=== PROMPT ===
Would you please repeat exactly the entries below, starting at the line with "Cat Selfie Forest" and ending at the line with "Vintage Beaded Strap", and nothing outside that range? Leave out the pictures.

______________________________

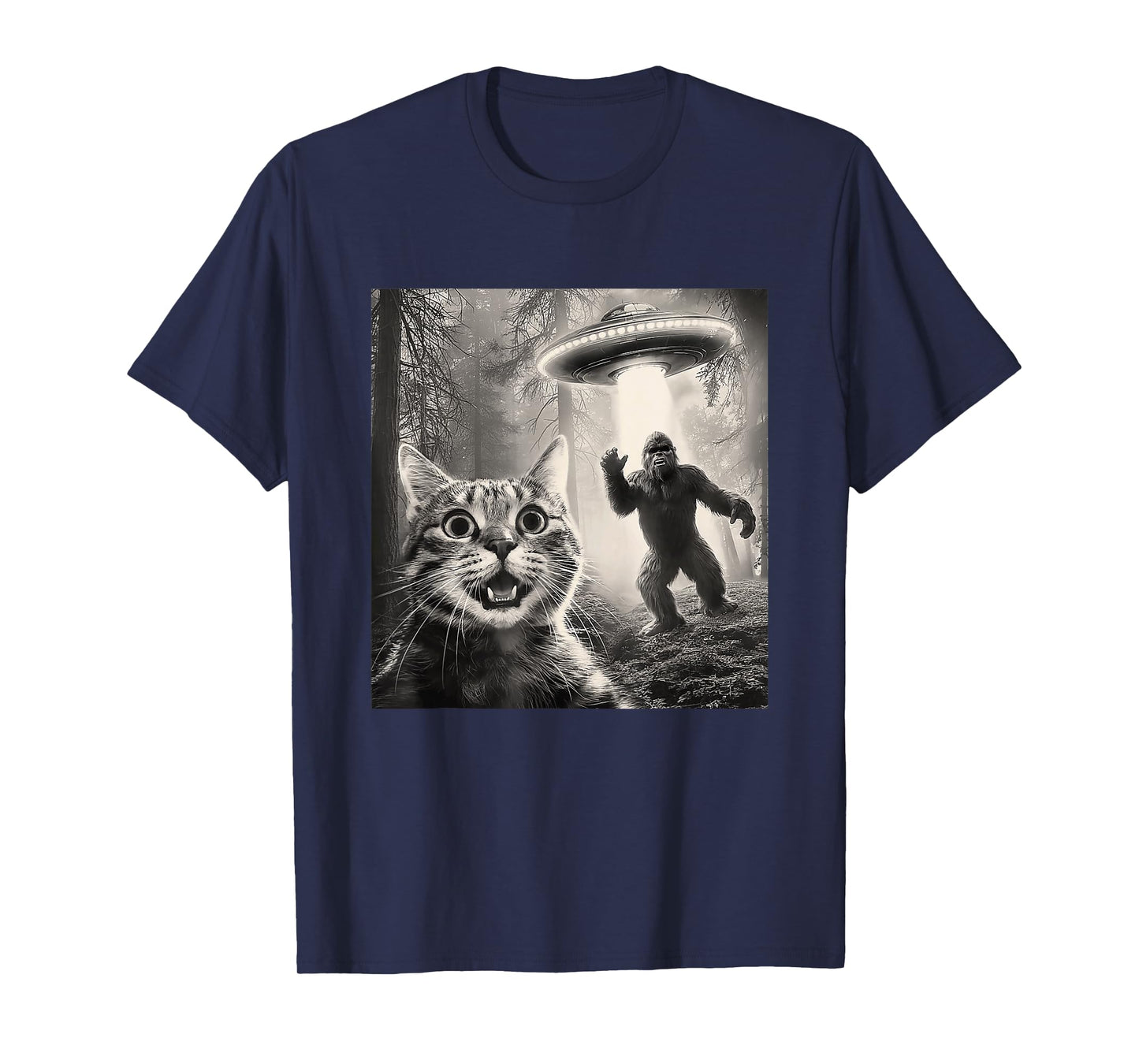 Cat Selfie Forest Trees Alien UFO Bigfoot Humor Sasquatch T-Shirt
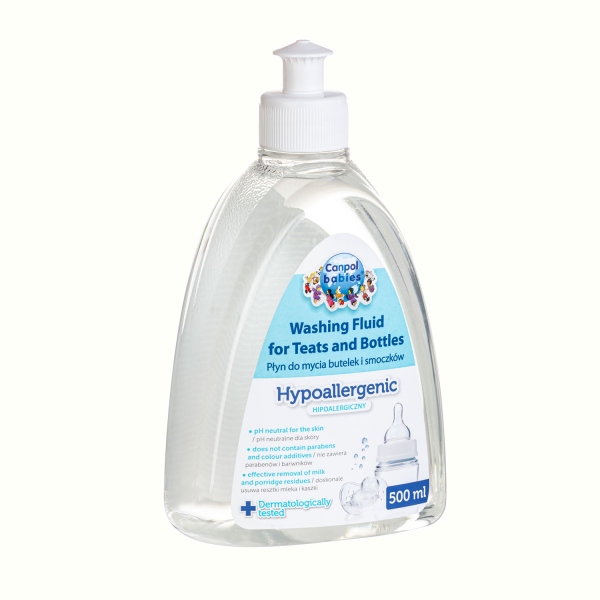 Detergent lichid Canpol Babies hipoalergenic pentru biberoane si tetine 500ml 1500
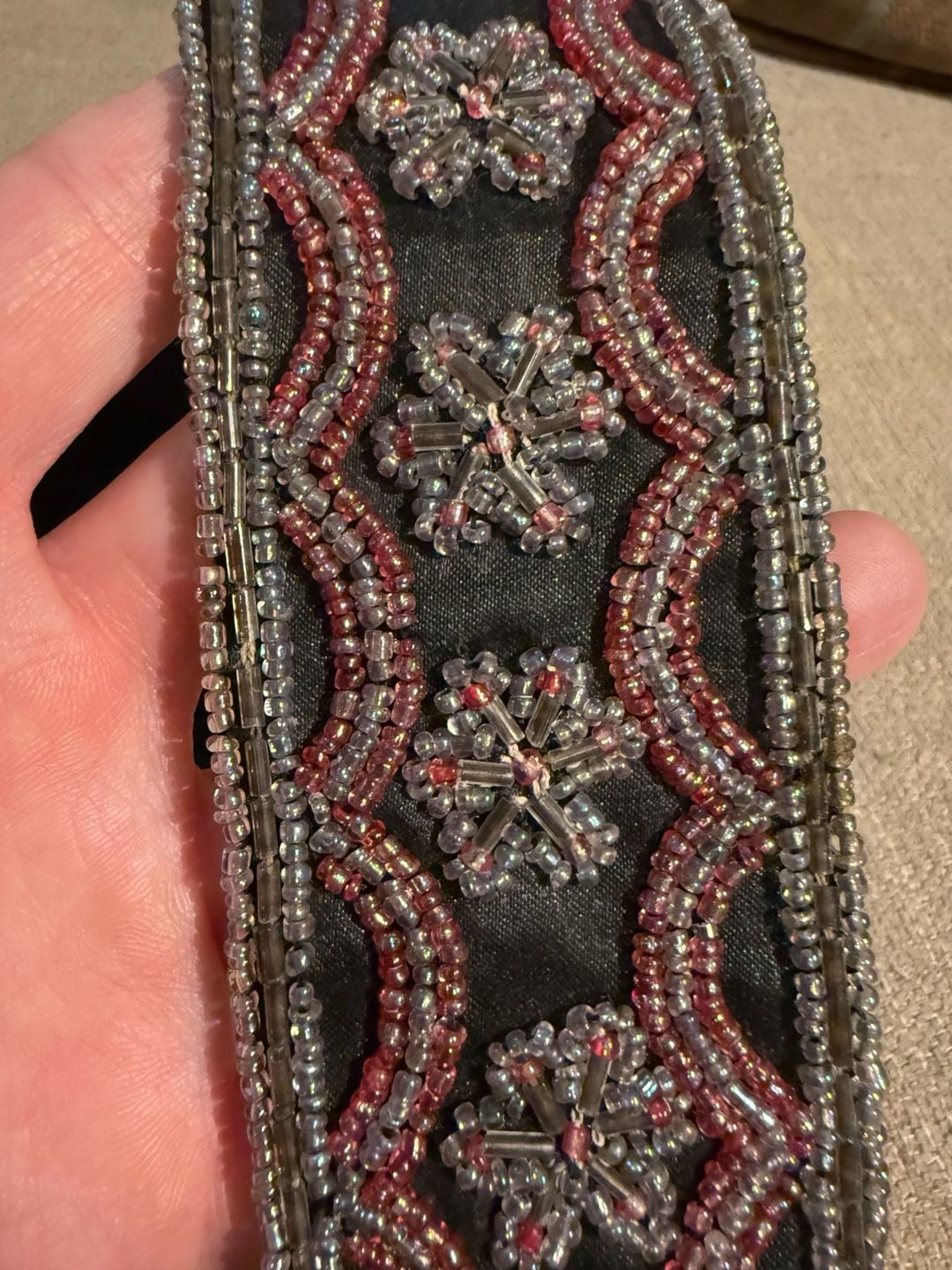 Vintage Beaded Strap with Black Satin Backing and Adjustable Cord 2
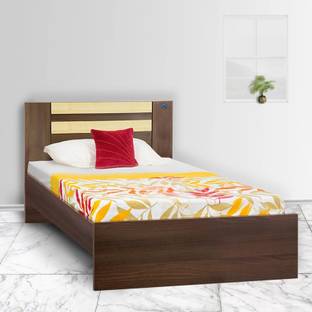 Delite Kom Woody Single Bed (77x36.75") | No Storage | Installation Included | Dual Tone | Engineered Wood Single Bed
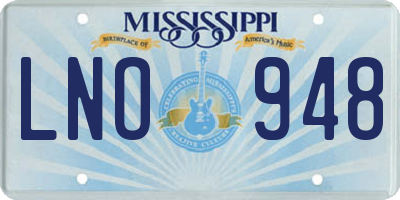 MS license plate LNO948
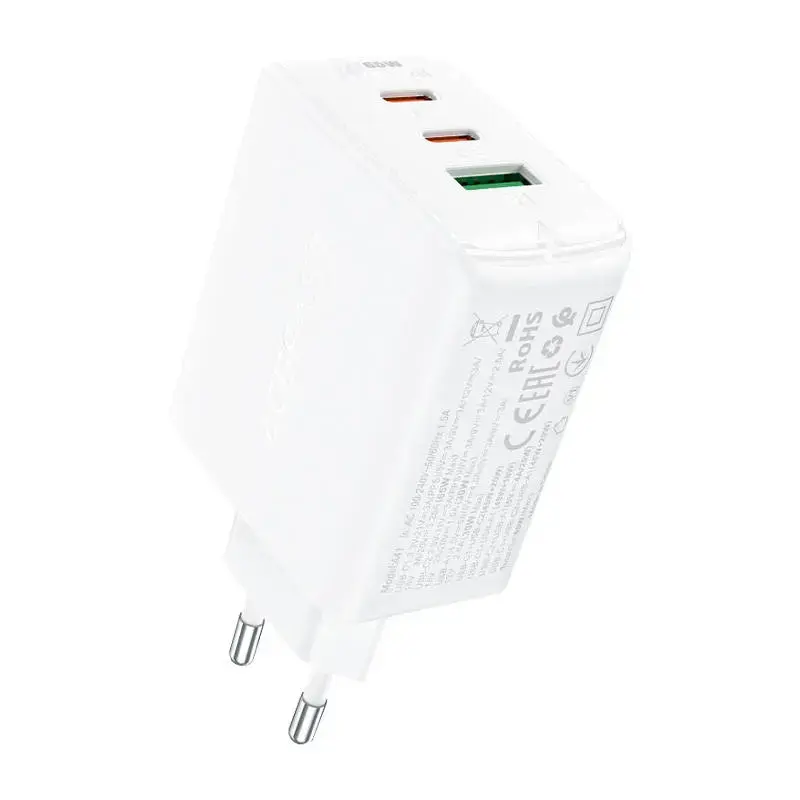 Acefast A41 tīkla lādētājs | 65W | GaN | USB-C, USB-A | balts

______________________________

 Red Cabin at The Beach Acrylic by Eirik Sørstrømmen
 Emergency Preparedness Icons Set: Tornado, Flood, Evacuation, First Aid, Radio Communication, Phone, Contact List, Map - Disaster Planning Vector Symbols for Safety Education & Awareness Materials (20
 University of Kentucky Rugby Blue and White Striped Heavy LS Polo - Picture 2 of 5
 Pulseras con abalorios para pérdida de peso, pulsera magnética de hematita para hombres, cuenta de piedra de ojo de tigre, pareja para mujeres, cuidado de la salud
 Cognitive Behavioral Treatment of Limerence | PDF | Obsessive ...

______________________________

=== REPLY ===
 Cat Selfie Forest Trees Alien UFO Bigfoot Humor Sasquatch T-Shirt
 Detergent lichid Canpol Babies hipoalergenic pentru biberoane si tetine 500ml 1500
 Vintage Beaded Strap with Black Satin Backing and Adjustable Cord 2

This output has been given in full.